Some
of Nigeria’s wealthiest industrialists, former government officials and their
relatives, were amongst thousands of individuals around the world who operated
highly secretive foreign accounts with the Swiss branch of banking giant,
HSBC, concealing their identities for years and using codes perhaps to shake
off tax authorities from accounts, some of which held illicit assets from criminals,
traffickers, arms dealers and other outlaws, secret files published last week
by a consortium of journalists around the world have shown.
The
trove, released by the French Daily, Le Monde and the International Consortium of
Investigative Journalists, in partnership with PREMIUM TIMES, and a host
of other major media organisations around the world, showed how HSBC profited
doing business with people who stole from their countries and some of the
world’s most notorious con artists, including people who made a fortune
fuelling wars in Africa.
PREMIUM
TIMES is the only Nigerian publication involved in the investigation, which
lasted several months.
The
bank helped questionable characters conceal their wealth despite knowing their
sources, and devised ways to hide the identities of the owners of the secret
accounts from governments around the world.
At
least 100,000 secret bank account operators who owned about $100 billion were
exposed in the leaks, unsettling investigators in several countries.
A
Roll-call of Nigerian Clients
French
authorities have so far linked 201 individual and corporate HSBC clients with
Nigeria – either nationals or having business interests in the oil-rich West
African country. However the sorting procedure might be faulty and some of
those listed may end up having nothing to do with Nigeria.
Top
on the list of Nigerians whose names appeared on the file is Africa’s richest
industrialist, Aliko Dangote.
Another
Nigerian businessman and owner of mobile telecom company, Globacom, Mike
Adenuga, also appears on the files.
Vikky
Preye Mark, estranged wife of Nigeria’s Senate President, David Mark, was also
listed.
Many
of the accounts date back to the 1990s and up to 2005/2006, when the data were
stolen by a former staff of HSBC, Hervé Falcian.
According
to details pieced together by the ICIJ, HSBC fashioned a series of layers of
privacy schemes to ensure the worst of criminals and characters were protected.
The
methods used were simple but had complex implications.
First,
the account owner opens an account in his or her name, and the bank, in
connivance with the customer, replaces the account holder’s name with a number
code that is then given to the client.
At
times, the clients are encouraged to incorporate offshore shell companies in
notorious tax havens, which then indirectly hold the accounts on behalf of the
real beneficial owners.
The
bank repeatedly reassured clients it would not disclose details of the accounts
to national authorities, even if evidence suggested that the accounts were
undeclared to tax authorities in the client’s home country.
The
code meant the client would no longer be tied to the account with his name, but
in all transactions with the bank, he or she will be identified with the
number.
But
correspondences from the bank would be sent to the holder’s personal address.
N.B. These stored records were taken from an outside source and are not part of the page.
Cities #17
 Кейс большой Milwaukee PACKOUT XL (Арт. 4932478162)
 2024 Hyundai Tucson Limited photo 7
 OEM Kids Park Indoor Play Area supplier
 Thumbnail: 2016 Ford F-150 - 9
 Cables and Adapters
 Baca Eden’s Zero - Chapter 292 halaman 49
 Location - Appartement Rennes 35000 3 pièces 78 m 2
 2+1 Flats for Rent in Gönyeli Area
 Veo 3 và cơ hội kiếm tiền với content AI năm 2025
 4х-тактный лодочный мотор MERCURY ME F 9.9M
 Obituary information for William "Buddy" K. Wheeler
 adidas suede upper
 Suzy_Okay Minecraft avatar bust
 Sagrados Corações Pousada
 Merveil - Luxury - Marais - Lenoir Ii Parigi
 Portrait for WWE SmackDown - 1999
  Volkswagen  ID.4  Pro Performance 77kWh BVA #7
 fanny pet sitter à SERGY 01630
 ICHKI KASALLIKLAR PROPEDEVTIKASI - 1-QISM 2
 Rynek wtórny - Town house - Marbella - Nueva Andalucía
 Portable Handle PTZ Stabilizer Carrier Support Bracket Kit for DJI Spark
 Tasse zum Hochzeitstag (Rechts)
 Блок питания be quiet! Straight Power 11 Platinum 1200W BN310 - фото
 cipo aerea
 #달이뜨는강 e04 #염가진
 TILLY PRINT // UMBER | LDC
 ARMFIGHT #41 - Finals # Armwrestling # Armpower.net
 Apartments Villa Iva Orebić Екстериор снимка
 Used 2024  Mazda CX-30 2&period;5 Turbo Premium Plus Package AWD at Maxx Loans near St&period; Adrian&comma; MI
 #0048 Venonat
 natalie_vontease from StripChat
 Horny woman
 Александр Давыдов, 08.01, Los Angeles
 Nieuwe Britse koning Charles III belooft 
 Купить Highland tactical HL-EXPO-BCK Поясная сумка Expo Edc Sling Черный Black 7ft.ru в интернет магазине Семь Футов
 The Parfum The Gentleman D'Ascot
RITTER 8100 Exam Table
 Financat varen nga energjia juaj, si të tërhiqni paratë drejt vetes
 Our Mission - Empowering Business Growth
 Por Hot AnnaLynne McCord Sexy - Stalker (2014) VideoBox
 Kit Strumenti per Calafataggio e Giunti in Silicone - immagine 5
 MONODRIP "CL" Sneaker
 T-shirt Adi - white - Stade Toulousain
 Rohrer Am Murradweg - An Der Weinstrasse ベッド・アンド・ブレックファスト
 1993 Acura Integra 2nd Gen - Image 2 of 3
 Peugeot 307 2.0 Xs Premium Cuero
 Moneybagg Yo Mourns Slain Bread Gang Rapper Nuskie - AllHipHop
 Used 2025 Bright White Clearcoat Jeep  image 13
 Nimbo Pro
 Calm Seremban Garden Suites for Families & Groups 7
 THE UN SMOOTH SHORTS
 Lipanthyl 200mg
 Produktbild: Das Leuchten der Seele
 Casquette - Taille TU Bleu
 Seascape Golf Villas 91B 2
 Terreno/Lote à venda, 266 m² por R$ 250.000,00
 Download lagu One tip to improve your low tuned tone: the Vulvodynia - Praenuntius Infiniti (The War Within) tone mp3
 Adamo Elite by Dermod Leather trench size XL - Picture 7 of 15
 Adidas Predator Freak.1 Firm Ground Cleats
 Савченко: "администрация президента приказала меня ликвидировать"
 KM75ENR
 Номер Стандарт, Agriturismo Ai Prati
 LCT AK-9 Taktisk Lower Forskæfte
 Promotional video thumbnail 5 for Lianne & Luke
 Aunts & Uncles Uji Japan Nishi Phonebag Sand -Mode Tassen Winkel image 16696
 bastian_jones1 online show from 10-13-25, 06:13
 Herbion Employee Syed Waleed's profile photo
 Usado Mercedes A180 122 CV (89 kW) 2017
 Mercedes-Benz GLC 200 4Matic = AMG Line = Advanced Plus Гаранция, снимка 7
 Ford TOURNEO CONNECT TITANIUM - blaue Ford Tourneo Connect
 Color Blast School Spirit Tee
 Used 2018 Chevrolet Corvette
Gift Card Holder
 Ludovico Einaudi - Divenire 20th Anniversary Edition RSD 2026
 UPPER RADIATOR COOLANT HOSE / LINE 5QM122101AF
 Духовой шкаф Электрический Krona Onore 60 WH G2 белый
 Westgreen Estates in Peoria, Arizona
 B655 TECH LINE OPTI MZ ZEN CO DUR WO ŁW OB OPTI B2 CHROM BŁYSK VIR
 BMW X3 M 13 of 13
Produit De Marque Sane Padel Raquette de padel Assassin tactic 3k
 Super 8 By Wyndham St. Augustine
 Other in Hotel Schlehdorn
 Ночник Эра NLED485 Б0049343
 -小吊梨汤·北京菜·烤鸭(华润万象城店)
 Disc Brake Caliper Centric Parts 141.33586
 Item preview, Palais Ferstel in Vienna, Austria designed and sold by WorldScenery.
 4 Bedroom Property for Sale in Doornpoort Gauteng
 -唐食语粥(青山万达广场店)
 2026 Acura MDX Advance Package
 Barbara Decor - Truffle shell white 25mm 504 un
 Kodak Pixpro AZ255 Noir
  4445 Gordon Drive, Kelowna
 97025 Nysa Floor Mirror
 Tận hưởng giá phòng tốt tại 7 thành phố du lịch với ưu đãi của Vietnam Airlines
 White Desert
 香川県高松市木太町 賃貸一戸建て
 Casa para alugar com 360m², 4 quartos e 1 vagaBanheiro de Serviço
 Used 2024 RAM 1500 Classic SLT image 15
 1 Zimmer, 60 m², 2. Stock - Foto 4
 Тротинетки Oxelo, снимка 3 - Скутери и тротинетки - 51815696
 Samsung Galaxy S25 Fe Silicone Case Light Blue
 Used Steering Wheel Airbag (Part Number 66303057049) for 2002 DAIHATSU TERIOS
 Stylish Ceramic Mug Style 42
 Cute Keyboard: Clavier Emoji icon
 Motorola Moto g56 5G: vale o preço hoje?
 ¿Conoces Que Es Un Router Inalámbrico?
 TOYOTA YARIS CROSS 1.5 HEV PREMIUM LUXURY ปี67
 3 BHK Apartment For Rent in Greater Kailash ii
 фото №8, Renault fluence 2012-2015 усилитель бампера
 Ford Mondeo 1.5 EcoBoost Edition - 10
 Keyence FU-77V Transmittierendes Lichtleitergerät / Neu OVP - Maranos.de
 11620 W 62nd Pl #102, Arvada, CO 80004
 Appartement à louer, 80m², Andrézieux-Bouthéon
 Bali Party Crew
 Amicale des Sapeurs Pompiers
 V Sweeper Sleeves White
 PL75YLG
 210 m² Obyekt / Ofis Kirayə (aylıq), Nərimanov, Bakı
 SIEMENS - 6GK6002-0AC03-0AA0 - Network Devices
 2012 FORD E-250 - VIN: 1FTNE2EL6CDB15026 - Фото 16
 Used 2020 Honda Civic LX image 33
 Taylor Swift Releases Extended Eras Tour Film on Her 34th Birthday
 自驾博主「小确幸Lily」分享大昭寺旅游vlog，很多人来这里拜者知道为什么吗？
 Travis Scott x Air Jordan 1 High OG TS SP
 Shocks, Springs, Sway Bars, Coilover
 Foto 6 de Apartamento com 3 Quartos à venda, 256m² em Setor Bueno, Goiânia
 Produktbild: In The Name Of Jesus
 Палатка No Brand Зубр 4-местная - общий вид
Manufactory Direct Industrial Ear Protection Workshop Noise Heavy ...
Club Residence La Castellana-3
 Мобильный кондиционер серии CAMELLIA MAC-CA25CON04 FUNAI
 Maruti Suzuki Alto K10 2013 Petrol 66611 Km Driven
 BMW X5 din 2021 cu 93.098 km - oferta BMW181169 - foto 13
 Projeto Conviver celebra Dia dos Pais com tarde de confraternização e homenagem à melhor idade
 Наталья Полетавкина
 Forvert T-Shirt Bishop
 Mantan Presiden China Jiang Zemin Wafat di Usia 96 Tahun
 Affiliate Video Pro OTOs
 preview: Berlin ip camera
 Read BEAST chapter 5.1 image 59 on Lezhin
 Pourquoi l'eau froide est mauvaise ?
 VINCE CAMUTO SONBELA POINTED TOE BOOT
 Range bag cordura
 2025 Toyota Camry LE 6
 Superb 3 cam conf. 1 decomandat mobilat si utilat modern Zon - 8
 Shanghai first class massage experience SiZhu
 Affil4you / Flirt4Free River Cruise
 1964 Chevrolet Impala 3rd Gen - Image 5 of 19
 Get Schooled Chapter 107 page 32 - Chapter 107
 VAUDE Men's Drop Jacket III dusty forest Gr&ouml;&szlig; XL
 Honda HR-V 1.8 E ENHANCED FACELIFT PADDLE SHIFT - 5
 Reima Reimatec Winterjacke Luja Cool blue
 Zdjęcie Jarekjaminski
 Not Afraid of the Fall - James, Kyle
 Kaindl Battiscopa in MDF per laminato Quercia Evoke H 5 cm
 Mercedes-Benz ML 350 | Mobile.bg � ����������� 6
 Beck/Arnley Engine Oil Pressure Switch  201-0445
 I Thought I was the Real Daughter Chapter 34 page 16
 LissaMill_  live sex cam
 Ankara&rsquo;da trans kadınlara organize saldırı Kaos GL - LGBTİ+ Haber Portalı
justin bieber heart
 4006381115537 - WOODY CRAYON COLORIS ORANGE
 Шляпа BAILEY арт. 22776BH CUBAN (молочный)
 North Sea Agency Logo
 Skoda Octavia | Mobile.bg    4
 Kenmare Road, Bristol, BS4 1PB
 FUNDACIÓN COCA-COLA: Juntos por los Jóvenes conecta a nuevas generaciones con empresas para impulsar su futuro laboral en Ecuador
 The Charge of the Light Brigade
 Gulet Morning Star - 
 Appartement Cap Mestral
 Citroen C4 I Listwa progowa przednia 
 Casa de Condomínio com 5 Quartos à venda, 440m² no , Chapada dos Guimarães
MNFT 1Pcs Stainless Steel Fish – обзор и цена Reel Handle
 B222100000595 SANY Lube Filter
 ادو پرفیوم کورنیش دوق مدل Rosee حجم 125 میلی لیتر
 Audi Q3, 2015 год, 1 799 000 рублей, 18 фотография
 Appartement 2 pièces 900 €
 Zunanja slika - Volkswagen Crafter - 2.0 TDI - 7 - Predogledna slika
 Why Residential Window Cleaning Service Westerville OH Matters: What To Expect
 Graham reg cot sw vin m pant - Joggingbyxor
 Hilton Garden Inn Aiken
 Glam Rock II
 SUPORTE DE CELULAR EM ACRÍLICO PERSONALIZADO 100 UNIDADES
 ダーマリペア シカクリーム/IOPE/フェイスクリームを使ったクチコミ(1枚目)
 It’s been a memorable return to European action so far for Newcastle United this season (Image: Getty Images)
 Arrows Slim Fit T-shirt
There was also an option for customers to ask the bank to withhold their mails.
That practice was later discontinued.
The
account holders were given the option of being contacted directly, or through
proxies.
To
access the account, there were options too. A client could do so from his home,
whereby he will need to declare the account to tax authorities; or travel there
in person, or do so through a courier who flies to Switzerland to collect cash
from time to time.
Ultimately,
the bank ensured the account details were kept secret and separate from the
personal details of the holder.
That
entire process allowed the bank’s clients hide from tax authorities and
governments around the world, while criminals could hide stolen wealth.
Not
all holders of the HSBC private accounts are however criminals, but there are
concerns regarding why they chose a banking platform with emphasis on secrecy
and concealed identities.
Very
little of Mr. Dangote’s transactions with the bank were made available.
As
head of a conglomerate operating in 16 African countries, including Nigeria,
Mr. Dangote made his fortune producing salt, sugar, flour, cement and noodles.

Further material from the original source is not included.